File-based SEC EDGAR parser

Question

File-based SEC EDGAR parser

theOGognf opened this issue a year ago · comments

I currently implement the SEC EDGAR API, but the API is still relatively new and doesn't contain all the data that may be available through the SEC EDGAR historical data file archives. I think we'd want to use the file-based SEC EDGAR data as an alternative to using the SEC EDGAR API in cases where a company's data cant be found through the API. Just glancing at how the data files are organized, I don't think itd be too big of an effort to implement. A first implementation should probably have the following elements

Methods for crawling through the index files for each year and quarter
Methods for parsing index files and storing them into SQL tables
Methods for getting filings based on an index entry
Methods for storing filings in SQL tables and querying them from SQL tables
Options for enabling the file-based methods as an alternative to the API methods in cases of errors

theOGognf · Answer 1 · Sun May 28 2023 06:30:03 GMT+0800 (China Standard Time)

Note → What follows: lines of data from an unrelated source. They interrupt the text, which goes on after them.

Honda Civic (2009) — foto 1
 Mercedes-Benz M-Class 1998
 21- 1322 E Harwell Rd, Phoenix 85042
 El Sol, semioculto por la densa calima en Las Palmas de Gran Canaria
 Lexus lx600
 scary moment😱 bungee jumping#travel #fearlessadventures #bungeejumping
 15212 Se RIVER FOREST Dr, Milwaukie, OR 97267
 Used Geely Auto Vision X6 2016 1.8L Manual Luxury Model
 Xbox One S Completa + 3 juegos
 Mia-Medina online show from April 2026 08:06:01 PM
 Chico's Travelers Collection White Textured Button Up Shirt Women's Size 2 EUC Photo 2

I messed around with this a bit. I'm not sure if this feature is quite worth the effort. The general workflow is as follows:

Use bs4 to crawl through the /Archives/full_index URL links and download the tables for each quarter-year pair to get filing URLs for each company
Use bs4 to parse a filing and search through tags
Look through tags to get metadata about each XBRL tag
Store tags in their own table

This is really straightforward, but I wonder if this is just replicating what the SEC EDGAR REST API is already doing behind-the-scenes. I'm going to pause development for now until I find that this is not the case

theOGognf · Answer 2 · Fri Aug 11 2023 08:37:47 GMT+0800 (China Standard Time)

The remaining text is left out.